University of Liverpool
Men bear the heavier burden (oh yes)
Amanda Vickery is badly, albeit fashionably, misinformed as to the role and rights of married women in the past (LRB, 8 September). Quoting the position of wives at common law is not helpful, as the rules of canon law and equity prevailed, so much so that a common law marriage became a synonym for mere cohabitation, where the rights of the spouse were not affected by the union.
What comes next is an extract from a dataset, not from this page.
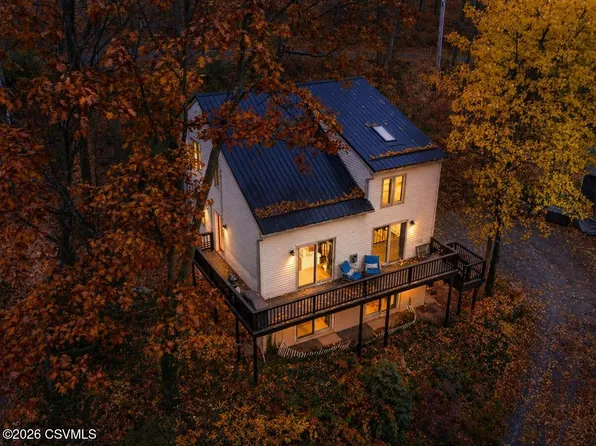 218 Apple Blossom Ln, Catawissa, PA 17820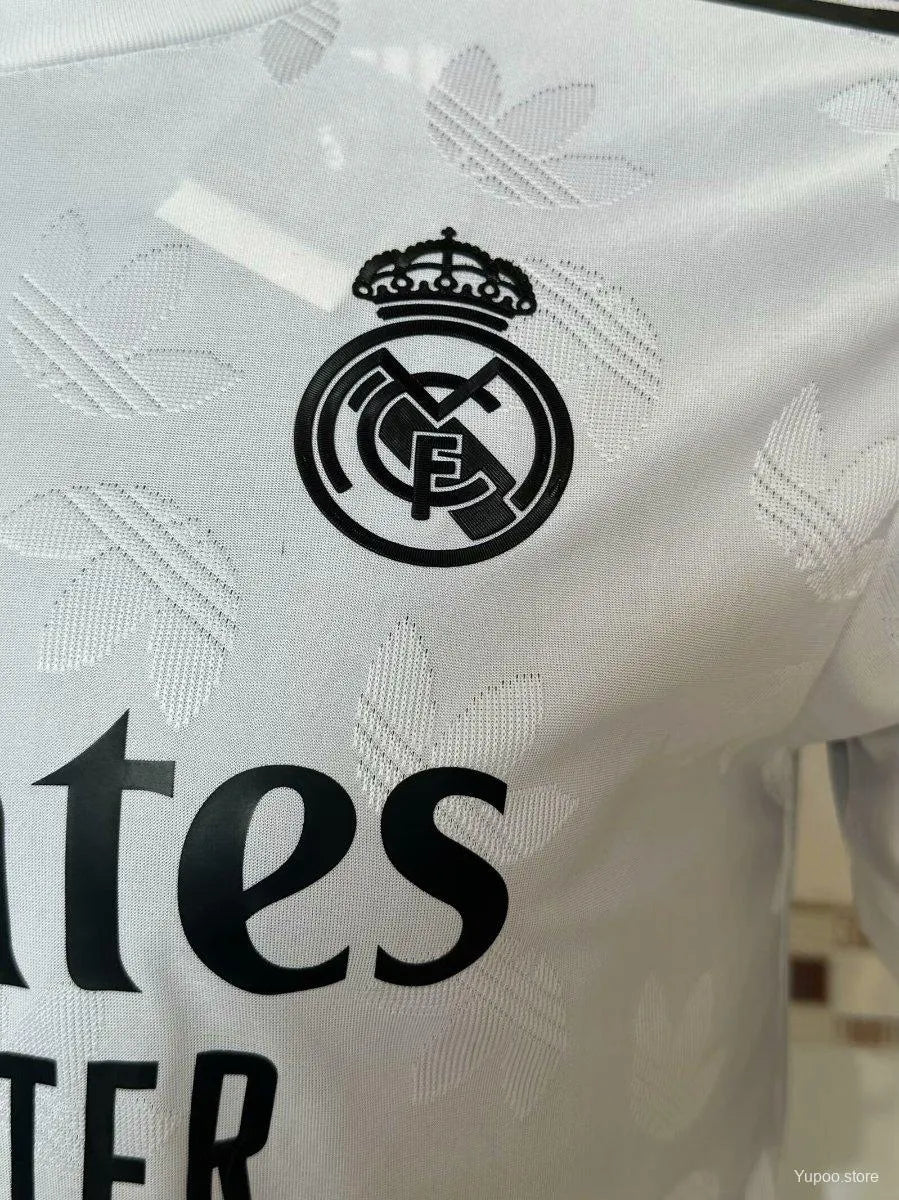 Maillot football Real Madrid White Adidas Original Player Version 2024/25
Canon law and equity, on the other hand, rigorously enforced the principle that a married couple was one person – a position to the advantage of women even today – and also the promise by the husband to endow the wife with all his worldly goods. Statute enlarged this into a duty to support, so that the practice arose that the husband also became liable for his wife’s breaches of contract, torts and tax, the first until the mid-20th century and the last until the 1990s. It did not follow that because a man was responsible for his wife’s affairs she was not responsible too, or could not sue or be sued.
In marriage, as in life generally, the law and custom ensured that men bore an unequal, heavier burden.